Parece que os professores eram muito bons, pois o jovem logo aprendeu francês e escrevia cartas nessa língua. O pai inclusive levava algumas dessas cartas para ler em nossa casa e assim vermos como o filho dele estava progredindo. E, às vezes, fazia o comentário:
– Agora vou ler um trecho da carta de meu filho. Preparem-se! É um verdadeiro artigo de jornal!
E lia vários trechos. Não sei se as pessoas de minha família sentiam-se tão encantadas quanto ele, mas respondiam com amabilidades:
– Ah, bonito…
Em certo momento o jovem escreveu, dizendo ao pai que precisava abrir-se: estava muito contente com a formação profundamente religiosa que a École des Roches dava. A Fé Católica se encontrava mais firme do que nunca na alma dele, e pedia licença ao pai para não vir ao Brasil nas férias, pois preferia ficar ali durante esse tempo. E já avisava que desejava ser Padre, na congregação religiosa da própria escola.
Creio que o pai havia sido mal informado e colocou o filho num viveiro de Contra-Revolução… Tomou-se de furor, pois era totalmente inconcebível, censurável e desprezível que um rapaz da alta sociedade se tornasse Padre e, portanto, ficava mal para o pai. Então ele escreveu ao rapaz, respondendo que nunca permitiria aquilo, e que mandaria a polícia buscá-lo. O filho, ingênuo, insistiu dizendo: “Papai, se o senhor conversasse com o Père6 Tal! Eu quero vê-los discutir, para saber qual dos dois tem razão. Quem ganhará a discussão? O senhor, tão inteligente, ou o Père? Por que o senhor não paga duas passagens de navio, a fim de eu ir ao Brasil com o Père? Ele convencerá o senhor de que eu devo ser Padre!”
O pai respondeu: “Eu vou convencer esse padreco de que as crenças católicas não resistem à ciência! Ofereça então a ele uma passagem e venham os dois. Vou discutir com o Padre diante de você, e arrancarei a Fé da sua cabeça e da dele!”
Era uma armadilha para obrigar o filho a transpor o oceano. Na esperança de converter o pai, o rapaz veio com o Padre e presenciou discussões monumentais, dando razão a este. O pai espumava e, no fim, não conseguiu arrancar a Fé de nenhum dos dois, mas também não concluíram nada. Então, quando chegou o dia em que o Padre devia voltar para a França a fim de começar as aulas, o pai disse ao moço:
– Bem! Você me viu discutir com o Padre: ele não me convenceu. Quem manda em você sou eu, seu pai, e você permanece aqui no Brasil.

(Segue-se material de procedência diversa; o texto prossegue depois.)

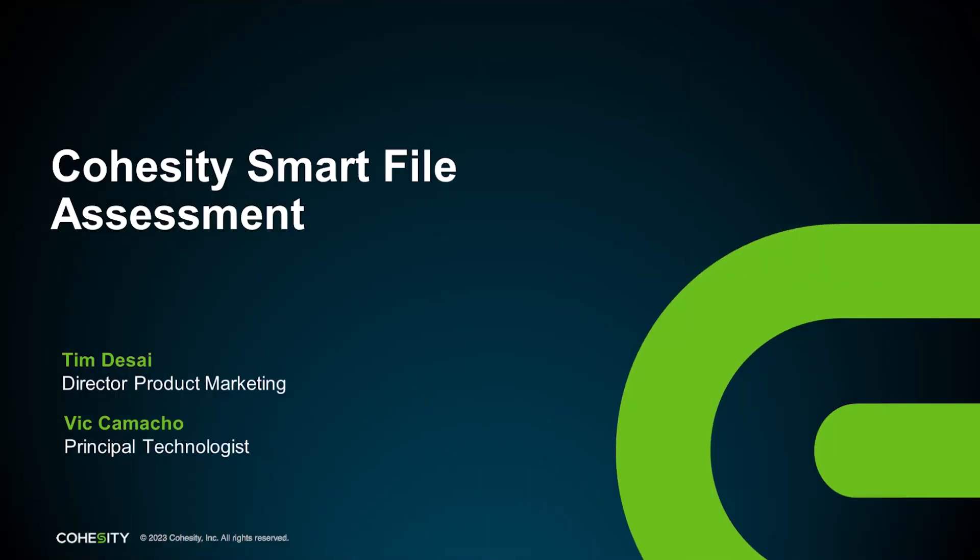Hi, I'm Tim Desai. Thank you very much for your interest in the Cohesity Smart File Assessment.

O meu primo ficou. Ora, isso importava em frequentar um ambiente restrito, composto pela rodinha dos primos e dos amigos destes. E, portanto, nos primeiros dias, já começariam as perguntas sobre o que ele havia conhecido em Paris, reputada como a cidade da perdição:
– Onde você andou? Esteve em tal lugar e tal outro?

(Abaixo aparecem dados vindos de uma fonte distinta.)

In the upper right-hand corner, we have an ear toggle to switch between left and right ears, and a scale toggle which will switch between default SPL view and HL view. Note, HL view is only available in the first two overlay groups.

Ele mentiria se dissesse que havia ido a esses lugares e pecaria, pois ninguém tem o direito de atribuir-se a si próprio pecados que não cometeu, por vergonha da Fé. Mas, se afirmasse que não tinha estado, ou naquele dia ele ia aos lugares de perdição ou começaria uma caçoada, a qual faria dele uma pessoa desmoralizada em São Paulo.

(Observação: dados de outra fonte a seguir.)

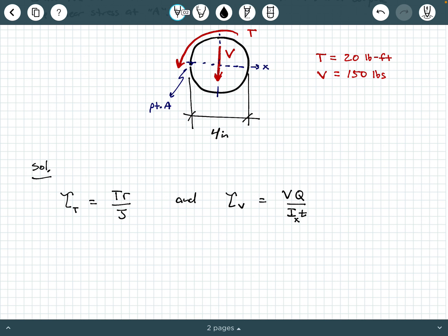Let's check off the values we already know. We know T, we know R is two inches, and the applied shear force is 150 pounds. We also already know little t in the denominator of τ_V — little t is the thickness of the member where you want to calculate the beam shear stress. Since we're interested in the beam shear stress along the x-axis through the center of the cross section, the thickness t equals the entire diameter of four inches.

Essa era a causa da perplexidade e da enorme tristeza dele, quando o encontrei no terraço. E esse lampejo de tragédia – que depois seria a minha – marcou o meu espírito para a vida inteira.
Entretanto, sob a ameaça da gargalhada geral, ele não teve coragem, jogou-se na perdição e, por fim, desistiu de ser Padre. Tenho certeza de que ele possuía vocação sacerdotal e, se a tivesse seguido, depois teria sido Bispo, pois, com seu estilo aristocrático, era feito para ser um prelado.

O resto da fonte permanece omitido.